START Material to process

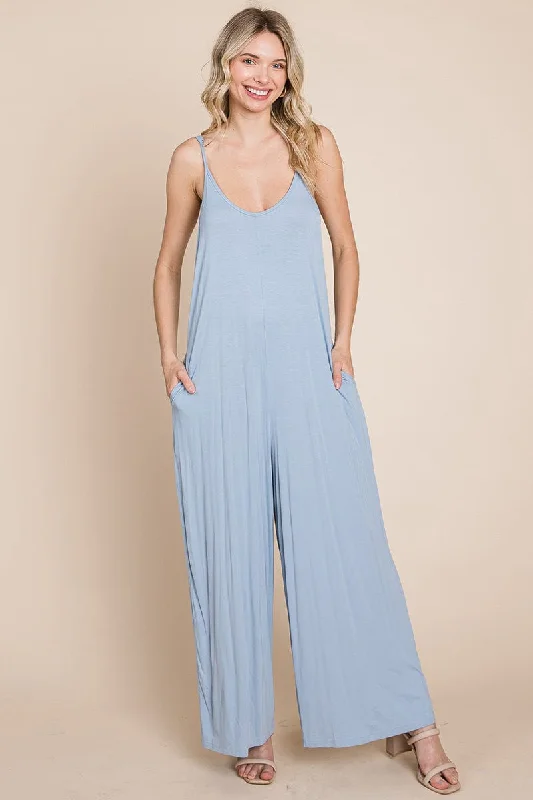 Sleeveless Wide Leg Pocketed Jumpsuit by RolyPoly Apparel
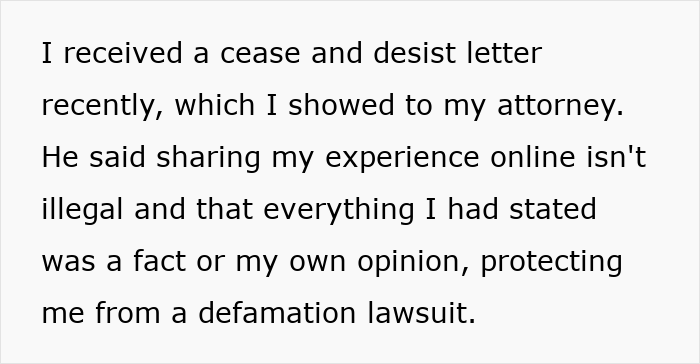 Text excerpt about refusing to take down website after wrongful jail time, discussing legal advice on online defamation. Text excerpt about refusing to take down website after wrongful jail time, discussing legal advice on online defamation.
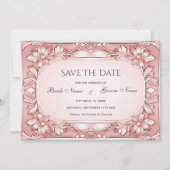Roze Floral Lijst sparen de Datum Save The Date (Voorkant)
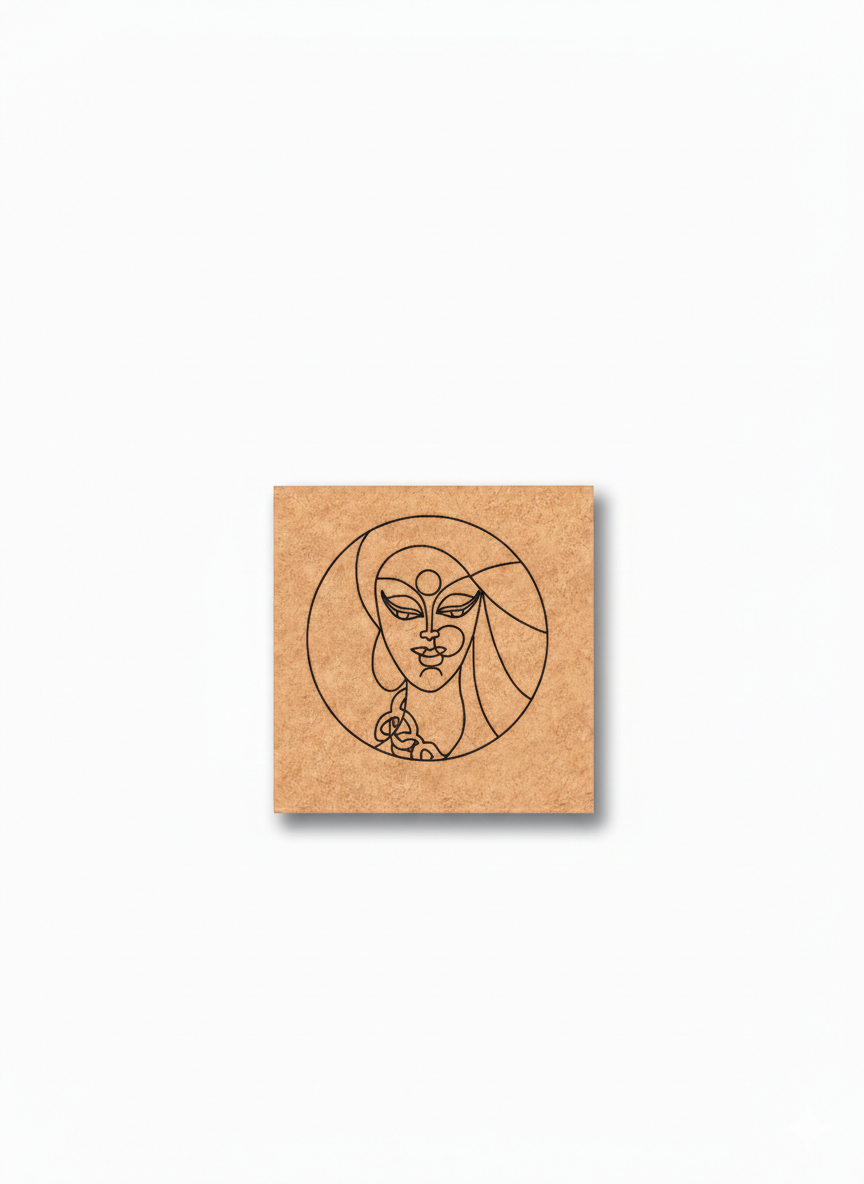 MDF DIY wall art  with a face design on a white background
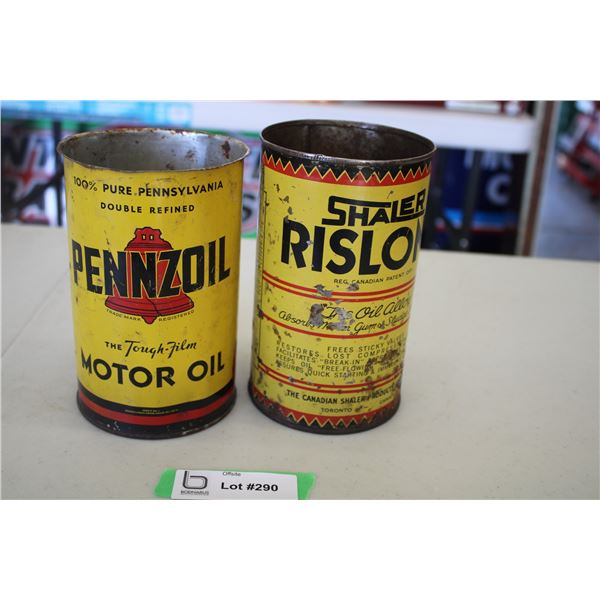 (2) Pennzoil + Shaler Motor Oil Can - 1 qt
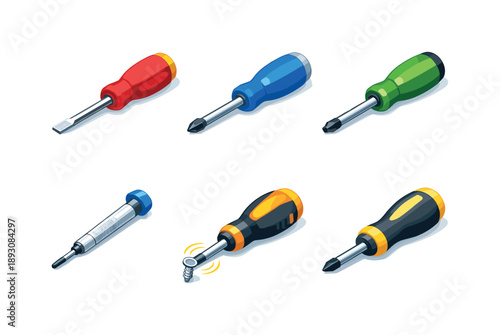 Colorful Screwdriver Icons. Screwdriver set. Isometric flat vector icons set of screwdriver set: flathead screwdriver, Phillips screwdriver, Torx screwdriver,
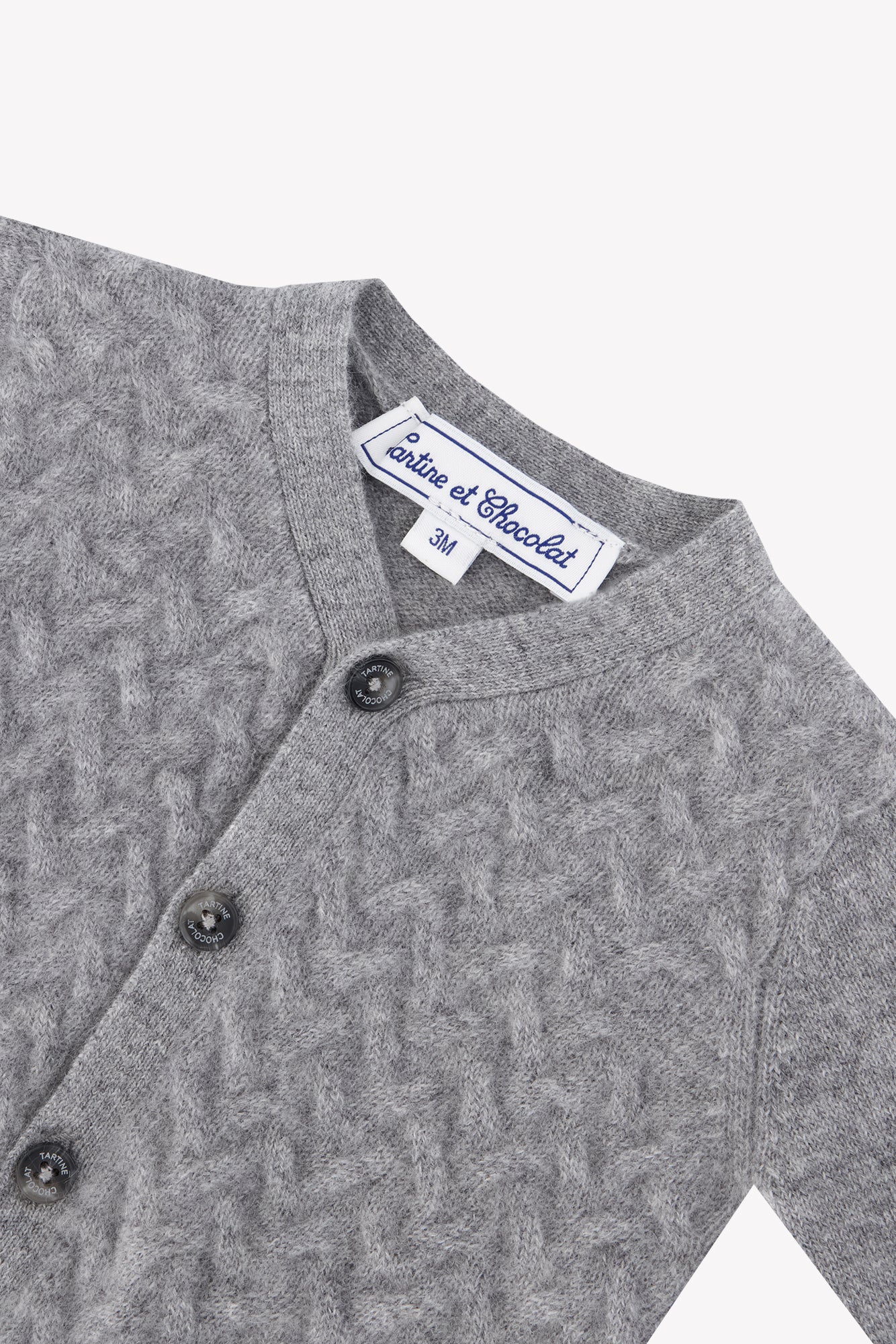 Cardigan - Gris chiné cachemire col v maille tressée - Image 3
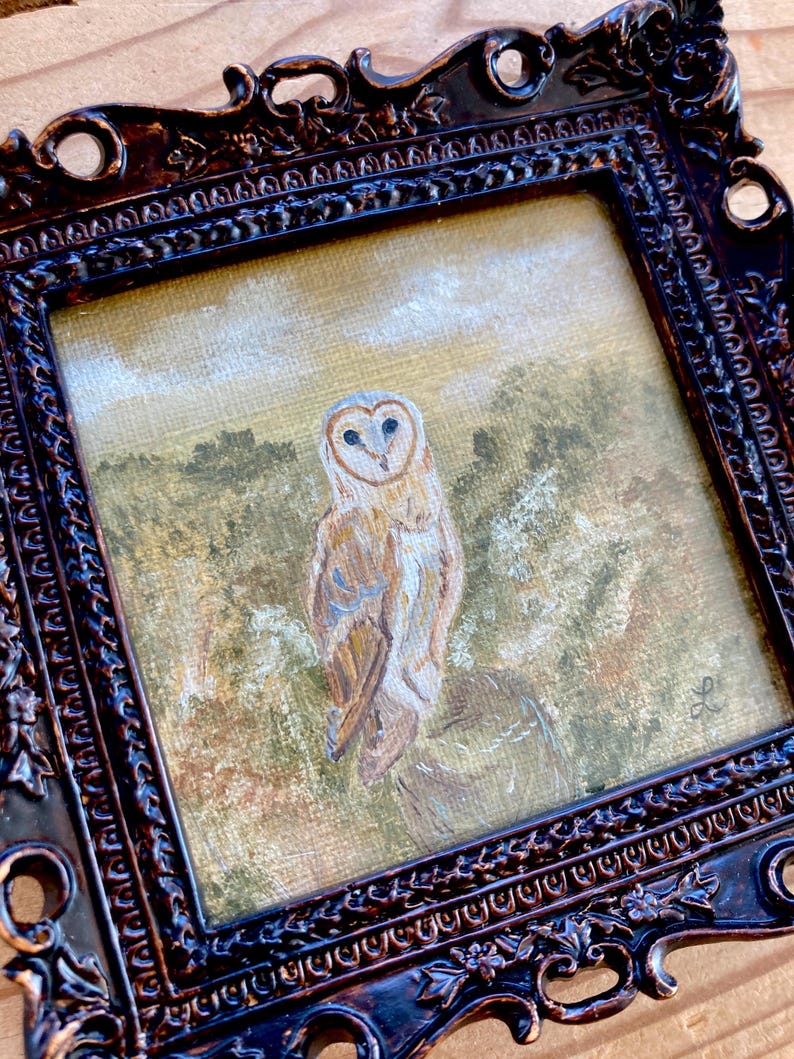 Peut inclure: Une peinture encadr&eacute;e d'un hibou des granges perch&eacute; sur une branche dans un champ. Le hibou est blanc avec des marques brunes et a des yeux jaunes. L'arri&egrave;re-plan est un doux brun et vert.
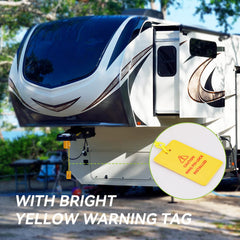 RVMATE fluorescent warning tag visible for improved theft deterrence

END Material to process

# Problem requirements
Pictures are to be left out; the lines from the start of the records above through the line holding "online defamation. Text" are to be returned exactly.

# Task result
 Sleeveless Wide Leg Pocketed Jumpsuit by RolyPoly Apparel
 Text excerpt about refusing to take down website after wrongful jail time, discussing legal advice on online defamation. Text excerpt about refusing to take down website after wrongful jail time, discussing legal advice on online defamation.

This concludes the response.